Fudbalski klub Iskra (English: Football Club Iskra) is a Montenegrin football club based in Danilovgrad. They currently compete in the Montenegrin First League.

History
FK Iskra was founded in 1919, under the name RSK Sloga Danilovgrad. Since 1929, the team played under the name RSK Zmaj, with their first-ever performance in Montenegrin Football Championship on season 1933–34.
After World War II, the team started to play under the name FK Iskra. First significant success, FK Iskra made with promotion to Montenegrin Republic League 1948–49. Another historical success, FK Iskra made in summer 1956. After playoff games against FK Bokelj, the team from Danilovgrad gained their first-ever promotion to the Yugoslav Second League (1956–57), but finished as a last-placed team. Next year, the team was dissolved after the financial troubles, but was refounded in 1959.
On season 1969–70, FK Iskra won the champion title in the Montenegrin Republic League and gained new promotion to Yugoslav Second League. This time, they spent two seasons in the Second League, among some of well-known national sides such as FK Budućnost, FK Sutjeska or NK GOŠK. On 28 November 1971, FK Iskra made a historical win against neighbouring Podgorica's and Montenegrin strongest side FK Budućnost (1-0).
Until the mid 1990s, FK Iskra played only in the third and fourth division, without significant successes. On season 1993–94, FK Iskra made huge successes, with the 'double' on Republic level. The team from Danilovgrad became a champion of the Montenegrin Republic League and, for the first time in history, title of Montenegrin Republic Cup winner.
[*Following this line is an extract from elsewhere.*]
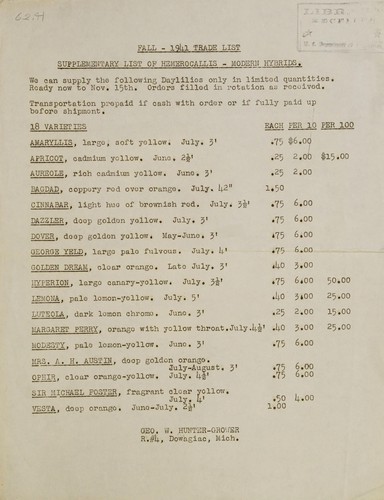 Cover for Fall 1941 trade list
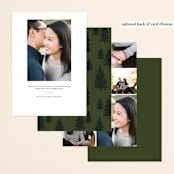 "Our Adventure" - Save the Dates in Forest by Elly - Back of Card Options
That gained them promotion to the 1994-95 Yugoslav Second League and the very first performance in the Yugoslav Cup. After poor performance, FK Iskra finished 19th in the Second League, so were relegated to the third-tier competition. In the 1994–95 FR Yugoslavia Cup, FK Iskra made surprise in the first leg, with a victory against First league member FK Sloboda (2:0). But, in the Round of 16, FK Iskra were eliminated by Yugoslav title-holder FK Partizan (0-3; 0-10). During the next period, FK Iskra played between Yugoslav Second League and Montenegrin League. In the second tier, the team from Danilovgrad participated in season 1996–97, and from 2000 to 2003.
Following Montenegrin independence (2006), FK Iskra played in Second and Third League, but first notable successes came after 2013. On season 2013–14, FK Iskra won the champion title in the Third League. Next year, after the hard struggle with FK Dečić, FK Iskra became the champion of the Second League. With that result, FK Iskra gained their historical, first-ever promotion to the Montenegrin First League.
On their debut in the First League (season 2015-16), FK Iskra finished at 10th position, but remained a member of top-tier after the playoffs against FK Bratstvo (6-0; 2-2).
Next three seasons, FK Iskra finished in the middle of the table and notable success came on season 2019-20. Team from Danilovgrad finished third and gained their first-ever performances in European competitions. During the season, FK Iskra made numerous impressive results, including the big victory against title-holder FK Budućnost (4-1). After that success, the team qualified for 2020–21 UEFA Europa League.

First League Record

For the first time, FK Iskra played in Montenegrin First League on season 2015–16. Below is a list of FK Iskra scores in First League by every single season.

Honours
 Montenegrin Second League
Winners: 2014–15
Montenegrin Third League
Winners: 2006–07, 2009–10, 2013–14
 Montenegrin Republic League
Winners: 1969–70, 1972–73, 1993–94, 1999–2000
Runner-up: 1955–56, 1959–60, 1978–79
 Montenegrin Republic Cup
Winners: 1993–94

European record

As of 14 July 2022

Notes
 PR: Preliminary round
 Q1: First qualifying round

Players

Current squad
As of 1 November 2022

Notable players
''For the list of former and current players with Wikipedia article, please see :Category:FK Iskra Danilovgrad players.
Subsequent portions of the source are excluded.